# Thoughts on Kyon Kennels



## GRluver (Sep 29, 2013)

This is my "Shay" he is from Kyon Kennels. I was/am very pleased with every aspect of this breeder, Karin is absolutely wonderful.


----------



## CAROLINA MOM (May 12, 2009)

I did a search here on the Forum for Kyon Kennels, here is a previous thread that might be helpful to you.

http://www.goldenretrieverforum.com/golden-retrievers-main-discussion/248346-looking-breeders.html


----------



## fortheloveofdog (Feb 20, 2014)

Thank you both so much for the information. GRluver, your Shay is beautiful.


----------



## GRluver (Sep 29, 2013)

Thank you so much! Who are the parents of the pups you are looking at? Shays parents are Phantom and Hailey.


----------



## Khills (Mar 2, 2020)

My first service dog Shai’s sire was from Kyon. My current service dog Rani Is from Kyon. Both wonderful dogs. Rani is 7. We still stay in touch with them. Rani is a world famous fishing dog. Google dog catches catfish
View attachment 870628


----------



## bigblackdog (Jun 14, 2013)

I know this is not going to be popular here....but I would not buy a puppy from this kennel. I live close by, and through the years have had a bunch of different Kyon Goldens come through to board with me. This is a big scale kennel operation. There are 8 studs, and 8 breeding females....many puppies produced. All of the males have their CH, and some females....but none have titles in anything else. No obedience, no tracking, not even a CGN on any of them. Once they get their CH...they are in business. I know that they do health testing, and that is good. I've had 2 that the dogs have seizures, and a few died young of liver failure, and other health problems. No breeder can produce perfect puppies.... and when you are producing so many puppies per year, there are bound to be problems.

Are they COE breeders? Yes. I prefer a breeder that shows their dogs, and does something with their dogs...sport, obedience, etc. and dogs that do not live in kennels for most of their lives. A breeder that can follow what they have bred, and that usually means a litter or two a year. We have other good breeders in Ontario...COE that are smaller scale...that don't make their living producing puppies.


----------



## Ksm (May 14, 2019)

bigblackdog said:


> I know this is not going to be popular here....but I would not buy a puppy from this kennel.
> 
> We have other good breeders in Ontario...COE that are smaller scale...that don't make their living producing puppies.


This is the first time that I'm hearing a bad thing about them. Interesting view point and I appreciate that in this forum there's multiple opinions people are willing to share. From what I've gathered, they are doing titles and many of the puppies that are going to homes are achieving titles, etc.
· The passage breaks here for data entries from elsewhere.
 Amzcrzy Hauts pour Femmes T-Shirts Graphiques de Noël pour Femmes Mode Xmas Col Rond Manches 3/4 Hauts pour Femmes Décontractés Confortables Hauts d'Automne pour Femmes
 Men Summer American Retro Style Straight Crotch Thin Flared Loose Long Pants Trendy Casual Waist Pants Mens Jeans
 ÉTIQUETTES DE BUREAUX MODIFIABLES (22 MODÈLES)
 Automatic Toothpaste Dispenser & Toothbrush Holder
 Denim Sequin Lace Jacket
So I am surprised that people who are that invested into competing would be getting a dog from a shaky pedigree. 

Re other breeders: who would you recommend instead?


----------



## bigblackdog (Jun 14, 2013)

Ksm said:


> This is the first time that I'm hearing a bad thing about them. Interesting view point and I appreciate that in this forum there's multiple opinions people are willing to share. From what I've gathered, they are doing titles and many of the puppies that are going to homes are achieving titles, etc. So I am surprised that people who are that invested into competing would be getting a dog from a shaky pedigree.
> 
> Re other breeders: who would you recommend instead?
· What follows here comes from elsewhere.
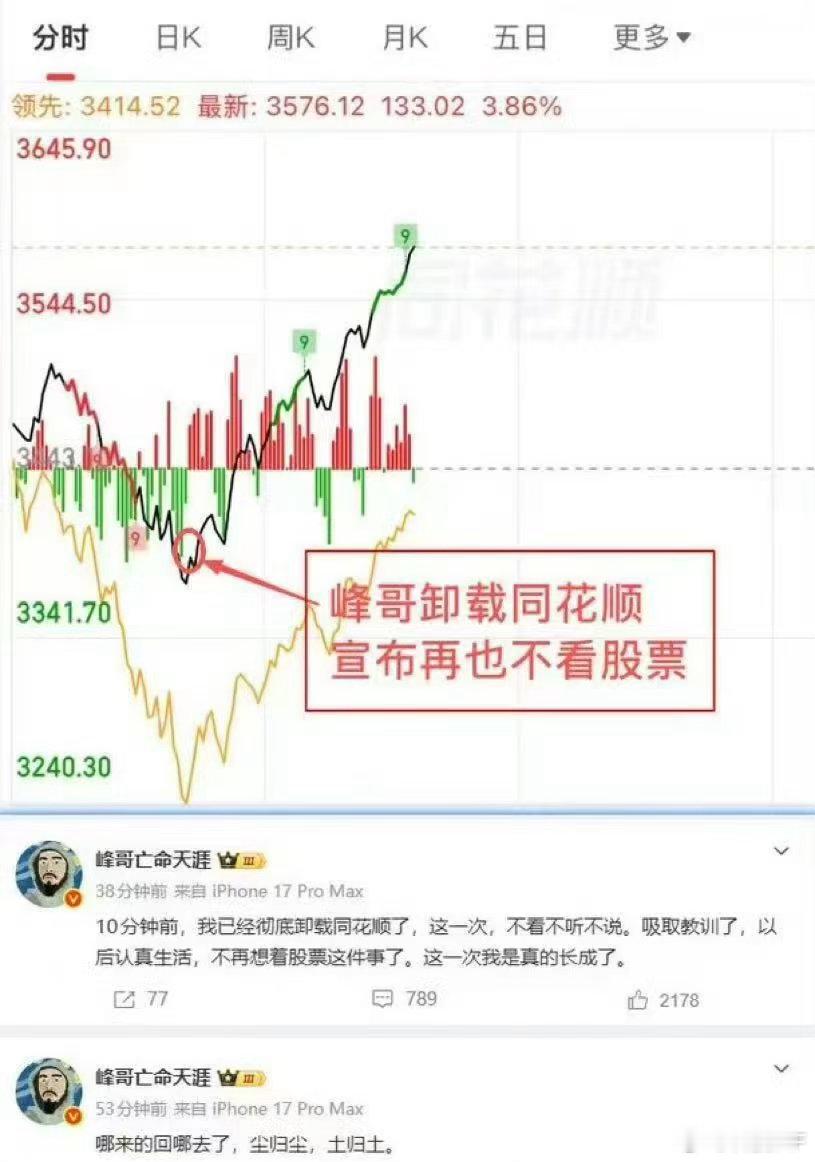 峰哥卸载同花顺了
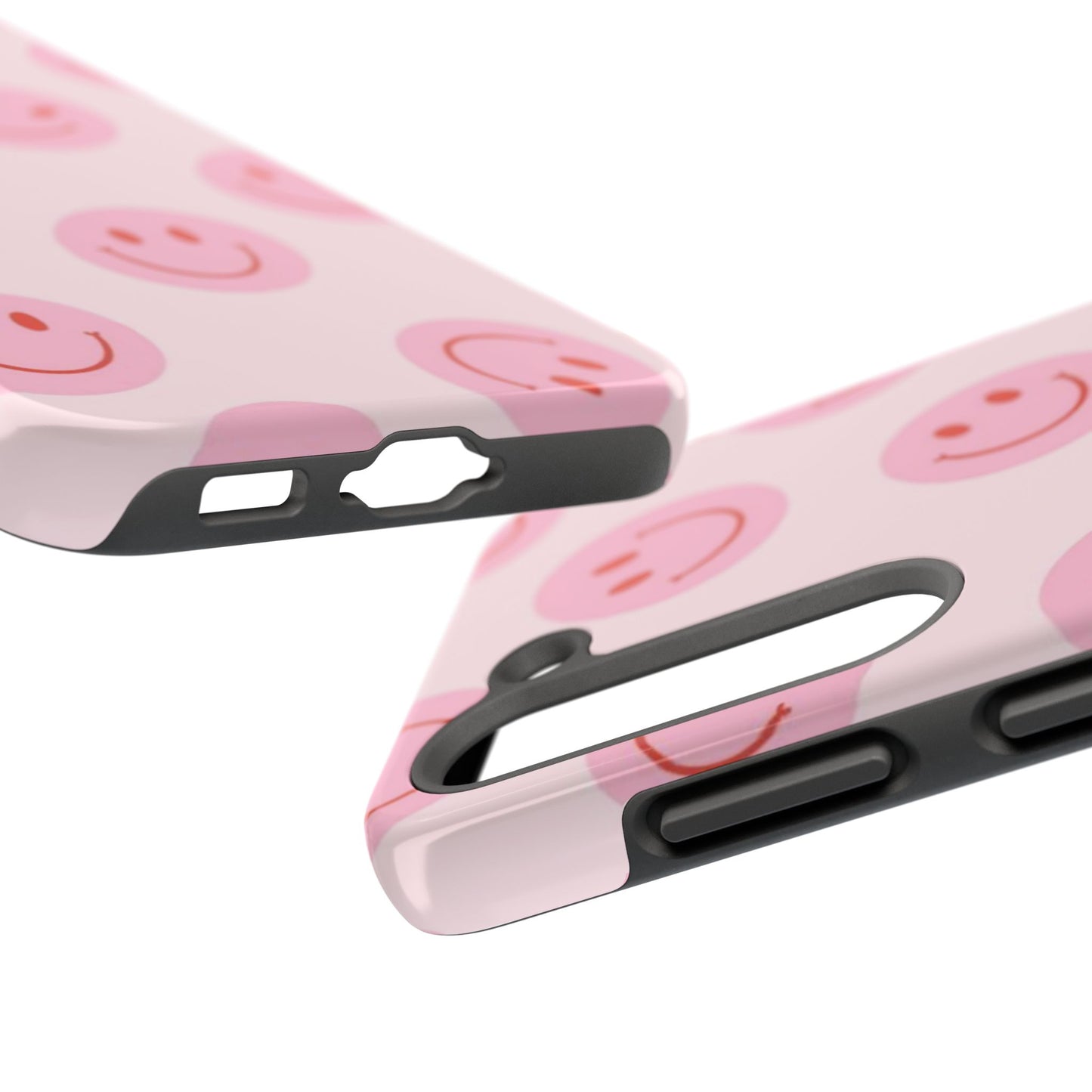 Smiley Face Pink Aesthetic Glossy Phone Case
I never said the pedigree was shaky. I just thought people should understand that this is a commercial kennel. This is not someone showing, working and titling their one or two dogs, and keeping a pup from a future litter. The males all have their Championship...I assume that they must be nice dogs. They either use their own males for studs for their own litters, or stud their dogs out to other breeders that want to use them for their litter. They also breed and raise Norwegian Buhund dogs. Lots of dogs, and lots of puppies produced. As far as I know the dogs live in the kennels. It's a large scale operation...and is what it is.


----------



## Ksm (May 14, 2019)

bigblackdog said:


> I never said the pedigree was shaky.


Sorry if I misinterpreted your prior comment. I was basing it on your comment that you know of two with seizures and a few dying of liver failures (though reading this comment again I am not sure if you are referring to Kyon on that- seemed like that when I first read it).


----------



## bigblackdog (Jun 14, 2013)

I said when you produce 100's of puppies that often shows up. One with the seizures showed up at our local animal shelter. The new adopted owner brought him to me to board and told me that they had adopted him, even though he did have problems with seizures. I asked if they knew who the breeder was (he looked like a Kyon dog)...sure enough he was a Kyon dog the past owner had handed in his papers. I told the new owner that they really should get in touch with Kyon to let them know that one of their dogs ended up in a shelter. Also Kyon should know that the seizures. Kyon was very happy that the new owner got in touch. The owner did eventually PTS because the seizures were so bad. The other Kyon dog also started seizures but at a later age. As far as I know...none of the Kyon dogs that I took care of (which would be a fraction of what they produced) lived a long life.
When someone breeds for many years...and produces many puppies...there are always bound to be some sort of health problems that show up. Often people don't talk about it.


----------



## Lioness101 (Jun 29, 2021)

bigblackdog said:


> I said when you produce 100's of puppies that often shows up. One with the seizures showed up at our local animal shelter. The new adopted owner brought him to me to board and told me that they had adopted him, even though he did have problems with seizures. I asked if they knew who the breeder was (he looked like a Kyon dog)...sure enough he was a Kyon dog the past owner had handed in his papers. I told the new owner that they really should get in touch with Kyon to let them know that one of their dogs ended up in a shelter. Also Kyon should know that the seizures. Kyon was very happy that the new owner got in touch. The owner did eventually PTS because the seizures were so bad. The other Kyon dog also started seizures but at a later age. As far as I know...none of the Kyon dogs that I took care of (which would be a fraction of what they produced) lived a long life.
> When someone breeds for many years...and produces many puppies...there are always bound to be some sort of health problems that show up. Often people don't talk about it.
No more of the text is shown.